Document 1: A Brief History of the Ancient Clans of Kilmurry Parish

are taken from
by Jeremiah O'Mahony, Castletown; published by The Kerryman Ltd., Tralee (no date)
Jeremiah O'Mahony was the schoolmaster in Castletownkenneigh National School (Enniskeane Parish). His son, Canon Liam O'Mahony, is at present Parish Priest of our next-door parish of Newcestown.

Kilmurry consisted originally of four parishes, namely, Kilmurry proper, Canovee (Canaway), Moviddy and Kilbonane.
The name Kilmurry is obviously derived from Cill, a church, and Muire, Mary, the special Irish form of the name of the Blessed Virgin.
Canovee is English for Ceann a rnhuighe, or head of plain, muighe being genitive of magh, a plain, and ceann, head. The plain of Maghallagh may be the one referred to.
Moviddy. This name has puzzled placename experts. For a while I toyed with Magh Mhide, plain of St. Ita, but I think I struck on the proper pronunciation when I decided it was derived from feid or fid, a narrow deep stream. The genitive is feide or fide, and the whole word means the plain of the slender stream, or Magh bhfide, the neutral syllable magh eclipsing the f' of fide. The diminutive Fidawn is commonly used for a little stream.
The name Kilbonane is derived from Cill and Benan, or Benignus in Latin, a saint's name. St. Benan was the successor of St. Patrick in the See of Armagh. There was another church dedicated to this saint in Dumnanway parish, west of Kilcaskan.


Aherlamore and Aherlabeg (Kilbonane parish) are from the name Eatharlach, a hollow, and more and beg, mean, respectively, big and small. Knockgroigybeg means hill of little old man. Knockcahymore equals Cnoc-ceatha-moir, or the hill of the big ceatha or bog cutting. Apparently there were turf banks here formerly. Those two latter places form part of the townland of Aherla.

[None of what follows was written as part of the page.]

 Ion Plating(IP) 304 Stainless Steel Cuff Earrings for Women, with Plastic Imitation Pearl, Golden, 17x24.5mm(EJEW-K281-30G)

Ardrath (Kilmurry Parish) means the height of the fort. The Commons, or Common mountain is an English title which signifies that in former times this was commonage, or open land, on which neighbouring tenants had the right to graze stock. There used to be a great fair held here, and tradition has at least one story of a great fight or contest between the head of the O'Mahony Sept, Cian an hrochair, and the head of the MacSwiney Sept, Diarinuid Mhurrinn.

Baillingoille (Moviddy Parish) is derived from Baile and giolla, a man servant to a horseman.

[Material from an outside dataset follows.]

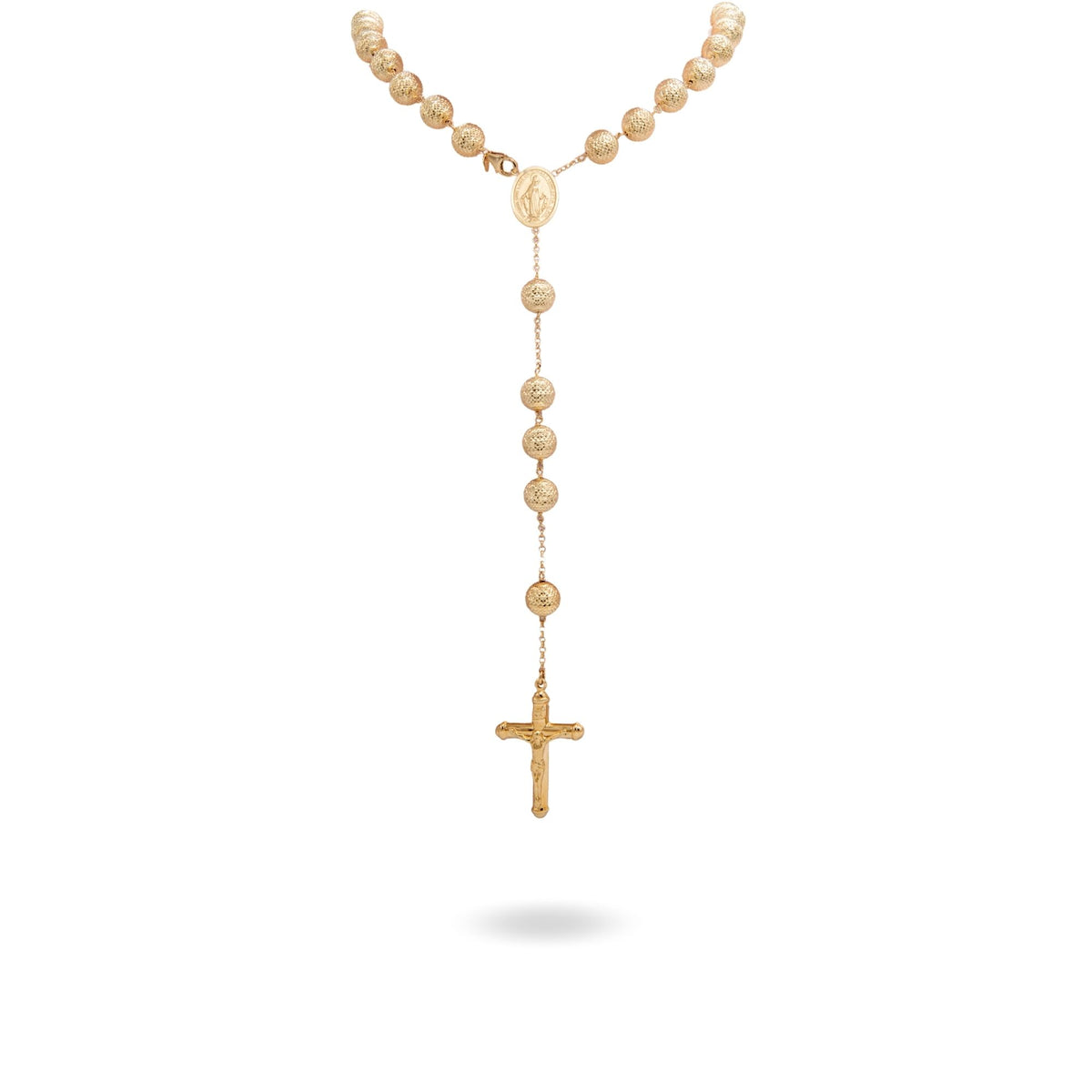 Collana Oro Giallo Oro 18 carati Rosario Milleluci Solo Oro cm.80 Sfera 10 mm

Ballymichael (Kilmurry Parish) was formerly written Ballyomichael and in Irish is rendered Baili Ui Mhichil, showing that Michael in this case is a surname, although the name O'Michael has not surived to my knowledge as a family name. At the south side of Ballymichael the village of Kilmurry is situated.

Ballytrasna (Kilmurry Parish) means the cross townland, that which extends crosswise from hill to hill, from treasna, across. It could also mean where there was a pathway, treasna or across the ploughland.

Ban-a-teampall (Canovee Parish) is derived from Bawn, a green field, and teampall, a church, and the word means, the level place of the temple or church.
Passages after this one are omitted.